┌─ THE DATA
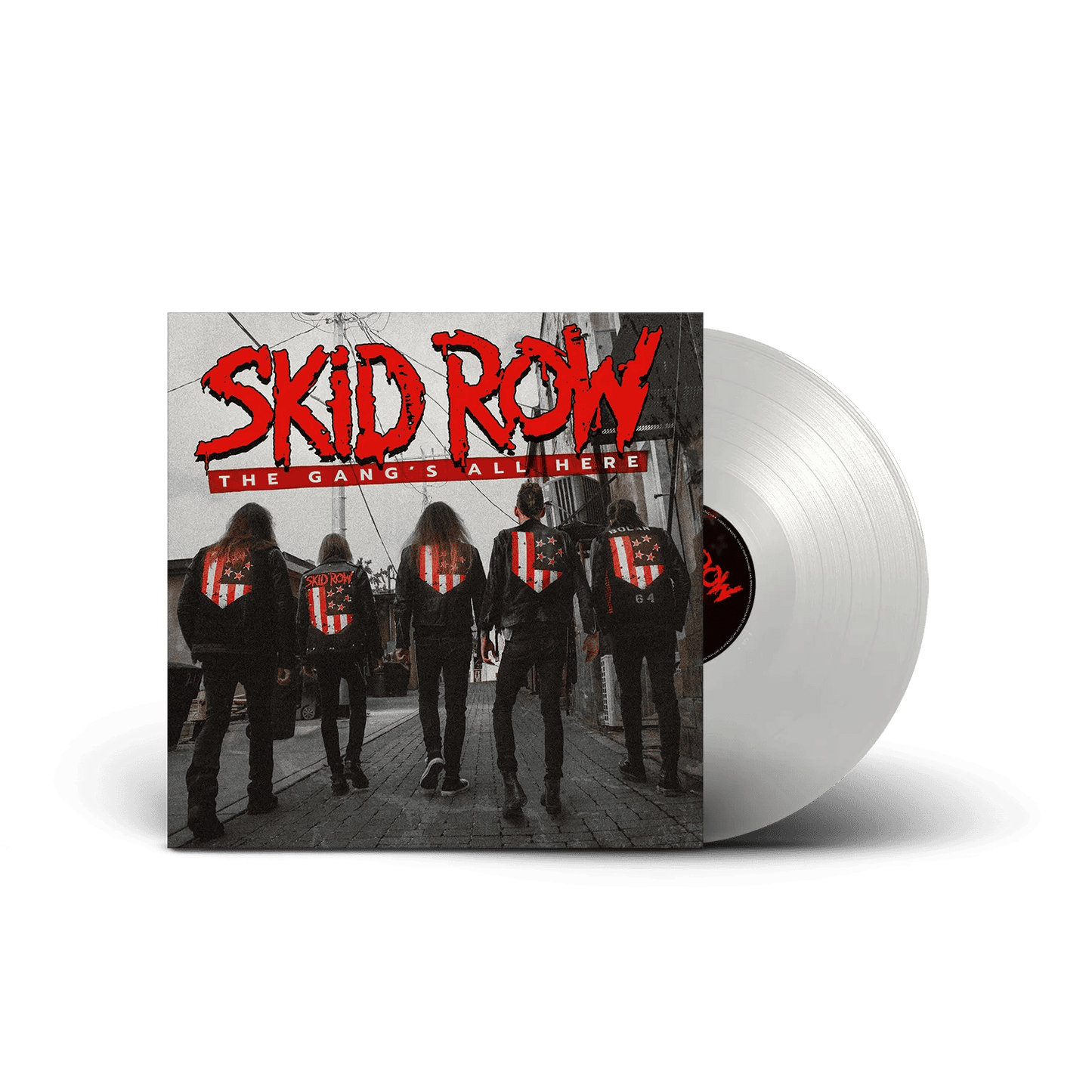 SKID ROW - The Gang's All Here Vinyl - JWrayRecords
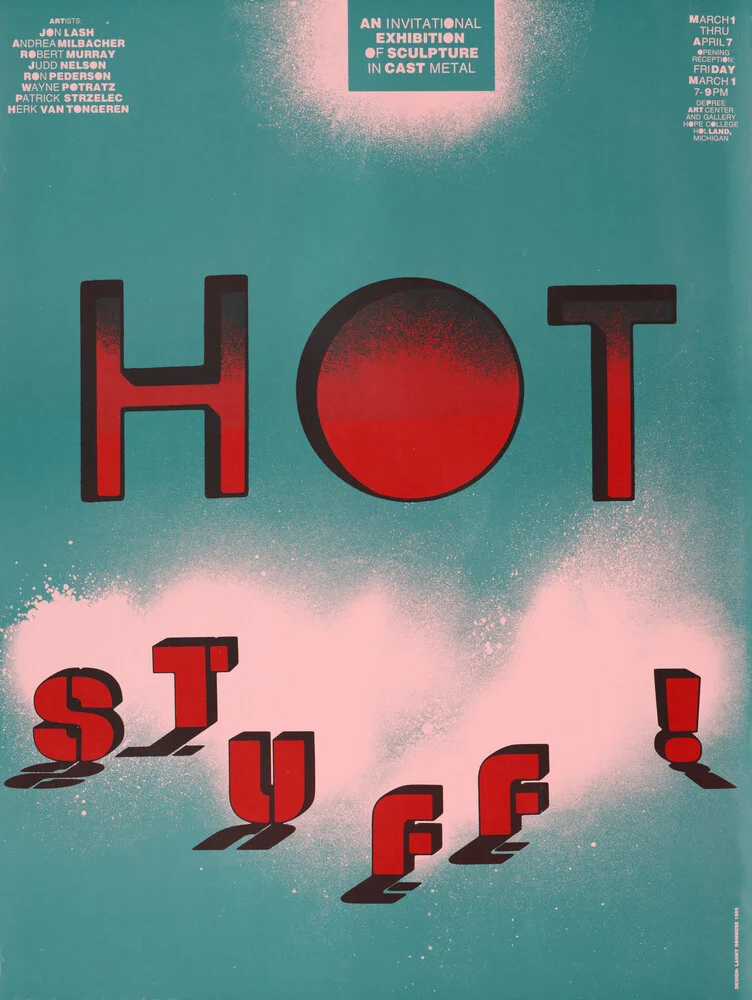 ¡Cosas calientes! - Fotokunst de Vintage Collection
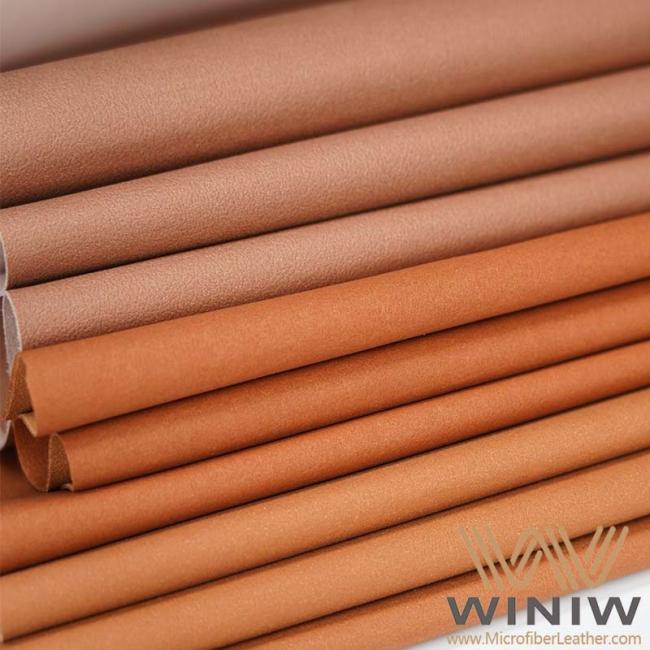 Water Absorbent Real Leather Fabric For Shoe Lining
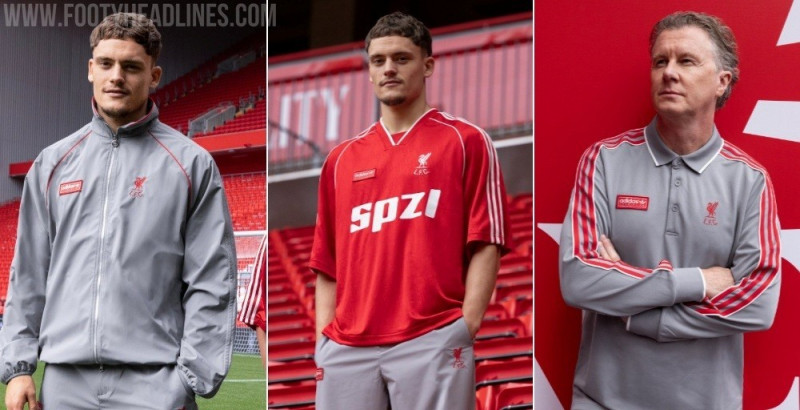 Sortie de la collection spéciale Adidas Liverpool SPZL FC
└─
WHAT YOU HAVE TO DO
Restate the listing word for word and drop the pictures.

RESPONSE TO THE TASK
 SKID ROW - The Gang's All Here Vinyl - JWrayRecords
 ¡Cosas calientes! - Fotokunst de Vintage Collection
 Water Absorbent Real Leather Fabric For Shoe Lining
 Sortie de la collection spéciale Adidas Liverpool SPZL FC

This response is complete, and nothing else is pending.